Their daughter, Victoria Montenegro, learned in May that her birth father had been identified. She recovered her true identity in 2000 with the help of the Grandmothers, and it was her blood that provided the match to her father's remains.

"No word exists to describe my feelings," she wrote in an open letter months ago. She described "the sadness of knowing my father's final destiny," along with "this feeling of peace that only comes with the truth."

She thanked the rights activists and forensics team for enabling her to recover her father's dignity, "so that he would no longer be an unknown body in a grave on the coast of Uruguay," and pleaded with other relatives of the disappeared to donate their blood to Argentina's genetic database.

"It makes us better, as Argentines, each time we can identify them and sing more strongly, 'we have not been beaten'," she wrote.

Rights activists suspect the victims were thrown from Argentine military planes into the wide Rio de la Plata that separates Uruguay and Argentina. Witnesses in Argentina have described torture victims being drugged and flown alive into the sea on the so-called "death flights."

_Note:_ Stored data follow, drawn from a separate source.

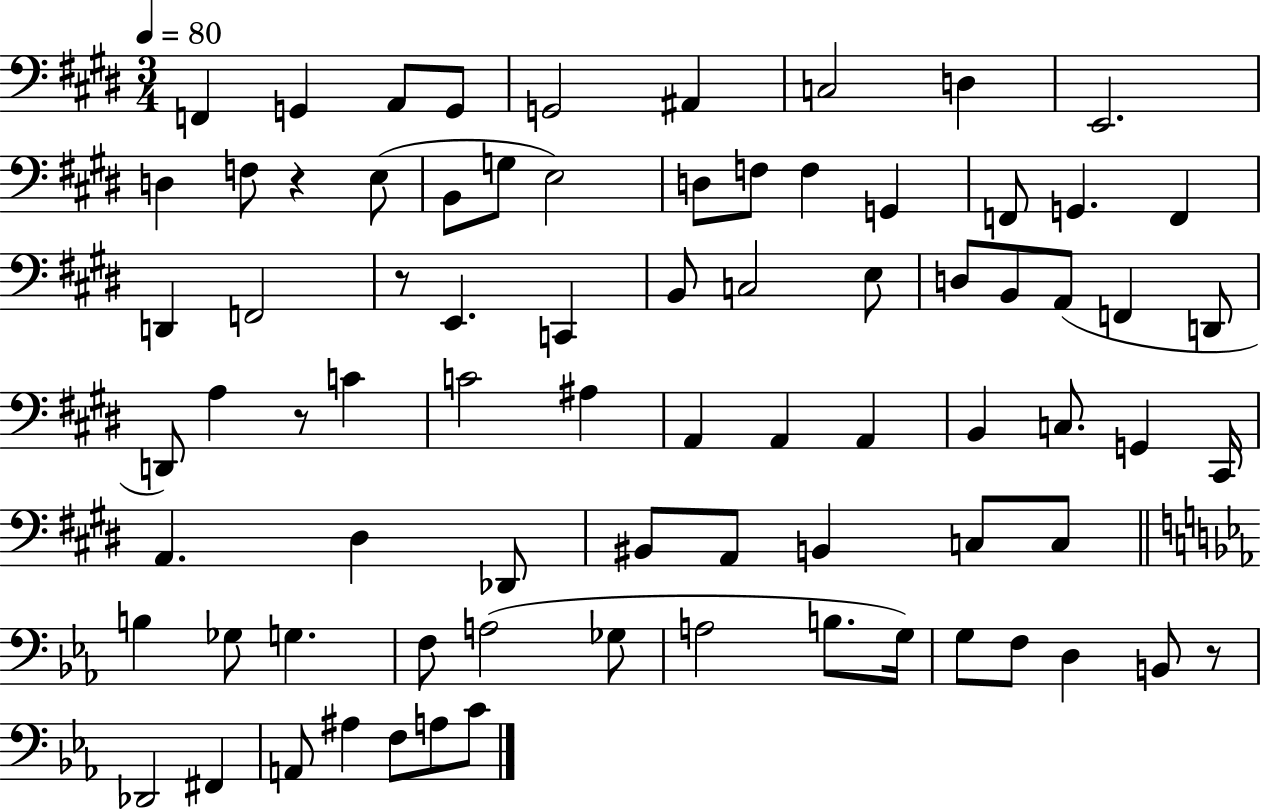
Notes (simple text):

F2/q G2/q A2/e G2/e G2/h A#2/q C3/h D3/q E2/h. D3/q F3/e R/q E3/e B2/e G3/e E3/h D3/e F3/e F3/q G2/q F2/e G2/q. F2/q D2/q F2/h R/e E2/q. C2/q B2/e C3/h E3/e D3/e B2/e A2/e F2/q D2/e D2/e A3/q R/e C4/q C4/h A#3/q A2/q A2/q A2/q B2/q C3/e. G2/q C#2/s A2/q. D#3/q Db2/e BIS2/e A2/e B2/q C3/e C3/e B3/q Gb3/e G3/q. F3/e A3/h Gb3/e A3/h B3/e. G3/s G3/e F3/e D3/q B2/e R/e Db2/h F#2/q A2/e A#3/q F3/e A3/e C4/e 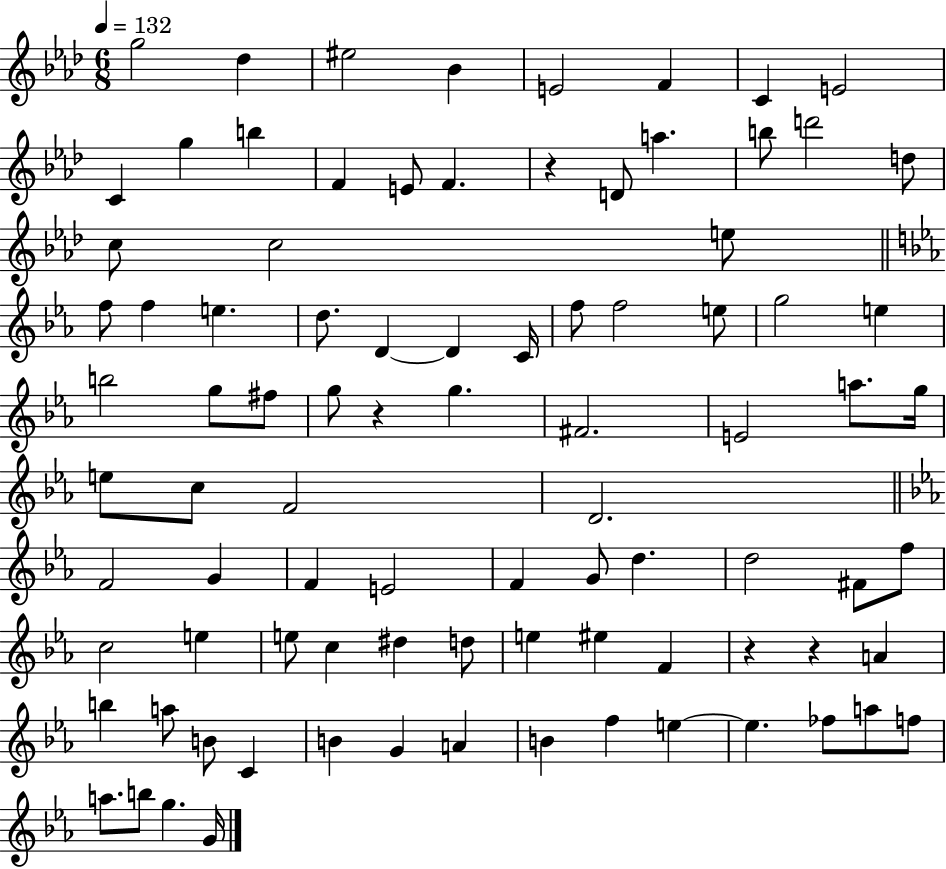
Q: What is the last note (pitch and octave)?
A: G4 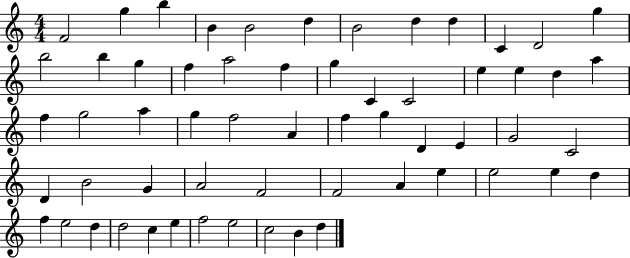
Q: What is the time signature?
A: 4/4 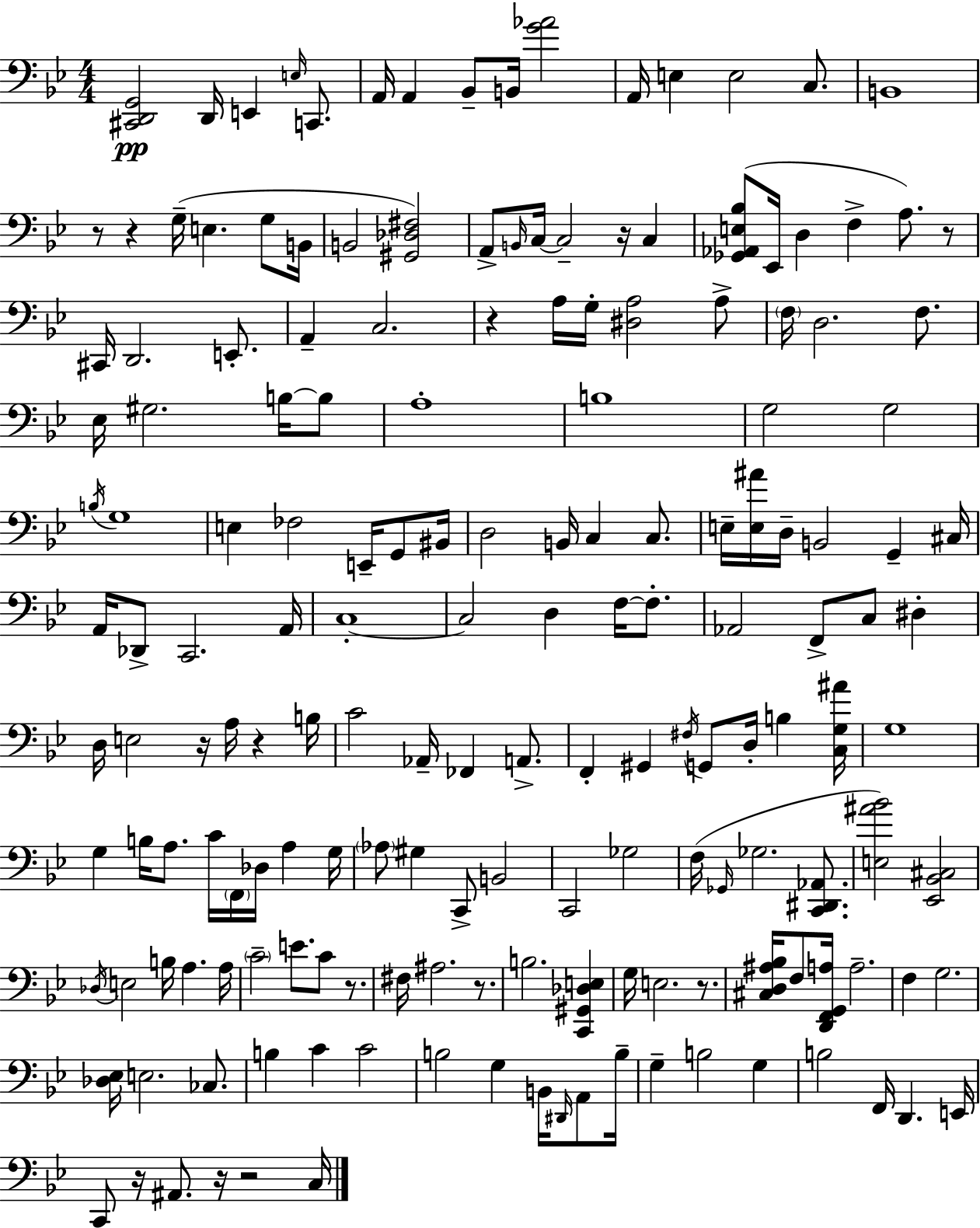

Alberto Breccia, secretary to Uruguayan President Jose Mujica, said the identifications disprove critics who complain of misspent efforts to identify dirty war victims. He said Uruguay's program includes 35 people whose work includes unearthing cadavers, updating archives and adding to a database that now includes genetic information from 85 percent of the families of Uruguay's disappeared.